Goal of the exercise: Pictures excluded, output the lines of the data below between the one holding "全州天湖户外天然滑雪场内有丰富多彩的雪地娱乐项目,让爱雪的你赏雪" and the one holding "Inovasi Baru, Warung", inclusive, exactly as they stand.

Information supplied:

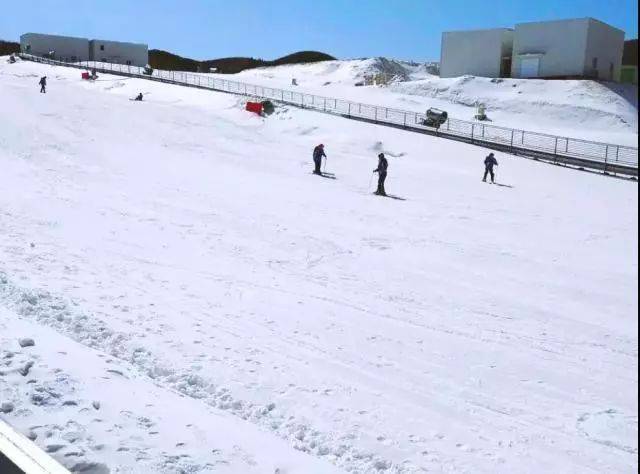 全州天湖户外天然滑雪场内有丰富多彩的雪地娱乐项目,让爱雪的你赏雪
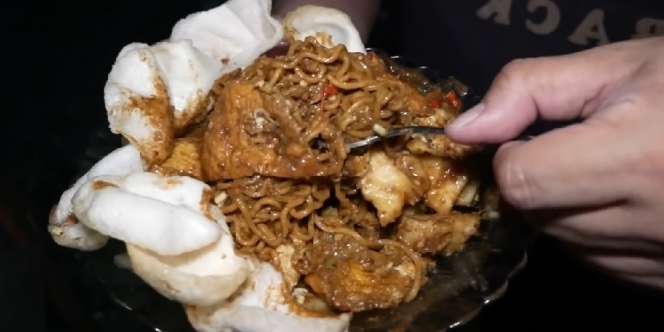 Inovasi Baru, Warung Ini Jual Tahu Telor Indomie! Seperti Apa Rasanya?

---

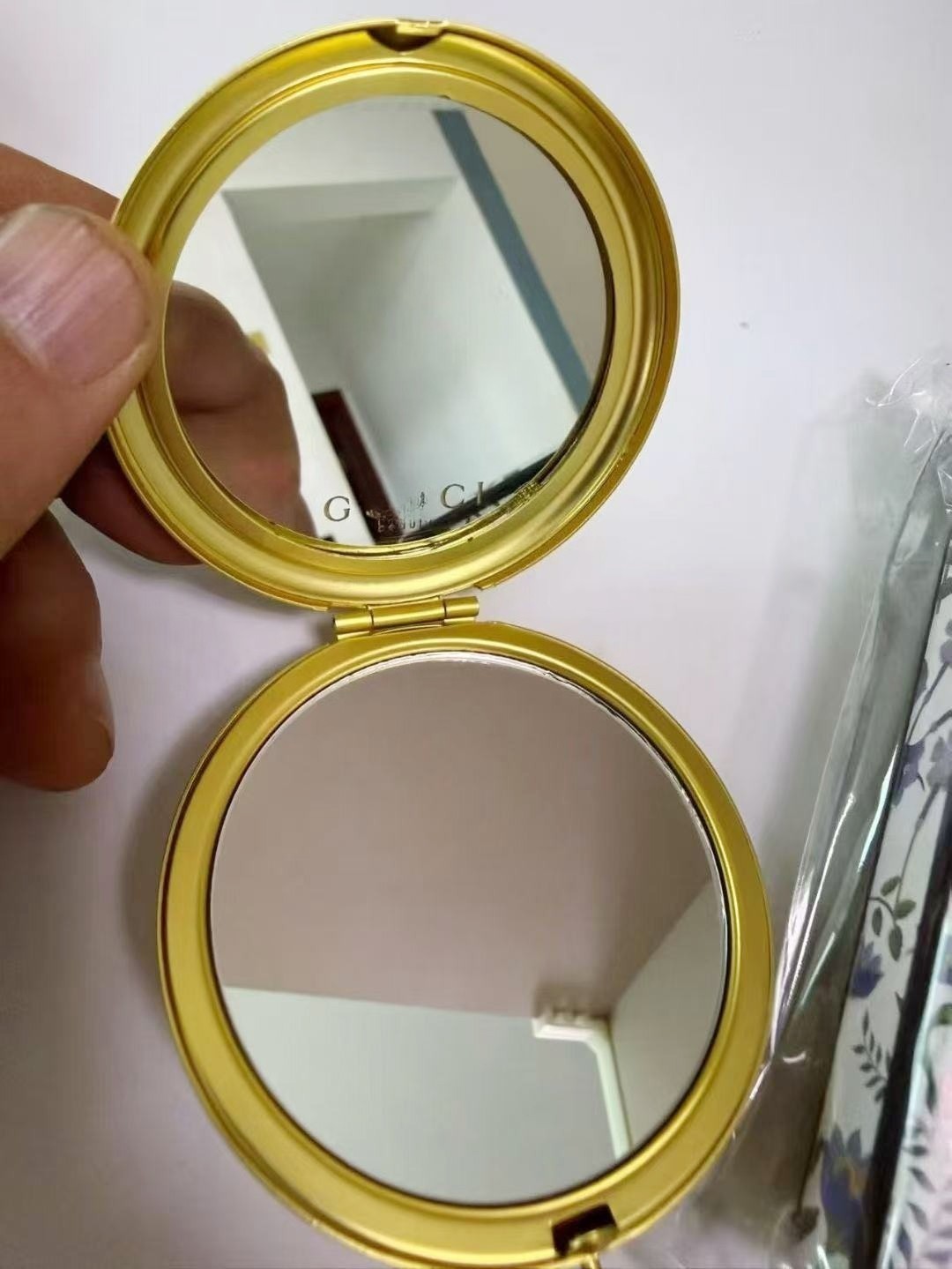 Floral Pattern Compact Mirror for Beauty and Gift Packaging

Result below:
 全州天湖户外天然滑雪场内有丰富多彩的雪地娱乐项目,让爱雪的你赏雪
 Inovasi Baru, Warung Ini Jual Tahu Telor Indomie! Seperti Apa Rasanya?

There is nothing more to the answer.